Intravascular large B-cell lymphoma (IVL) is characterized by the exclusive or predominant presence of lymphoma cells in the lumina of small vessels. Even though T-cell phenotype has been reported, IVL has been recently classified by the World Health Organization (WHO) Classification as a subtype of B-cell lymphoma.[1–5]

IVL is considered an aggressive, disseminated, and usually fatal malignancy that affects older individuals. Its initial clinical presentation varies according to geography. “Classical” IVL, mainly reported in Europe, is characterized by cutaneous and/or neurological involvement. “Asian variant” IVL, mainly reported in Asia, is characterized by hemophagocytic syndrome, bone marrow (BM) involvement, fever, hepatosplenomegaly, and/or thrombocytopenia.[6–8] These various clinical presentations contribute to delay in diagnosis and treatment.

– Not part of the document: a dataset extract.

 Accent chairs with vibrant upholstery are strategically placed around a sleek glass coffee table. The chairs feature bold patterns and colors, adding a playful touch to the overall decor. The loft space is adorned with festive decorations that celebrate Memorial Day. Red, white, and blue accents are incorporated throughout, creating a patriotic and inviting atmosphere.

Intravascular large B-cell lymphoma has been mainly studied through European and Asian series. Due to the low incidence of this condition, our understanding of the clinical presentation as well as the management of IVL rely on a limited number of patients.[9–21] Given the absence of a large North American series of IVL, we decided to perform a retrospective review of patients treated in Quebec, Canada. The aim of our study was to depict the different clinical presentations, the diagnosis and staging procedures performed, the therapeutic management and the clinical outcomes of IVL patients treated in Quebec, Canada. Data collected were then compared to reported series from Europe and Asia.

We retrieved 29 cases of IVL which corresponds, to the best of our knowledge, to the largest series reported in North America.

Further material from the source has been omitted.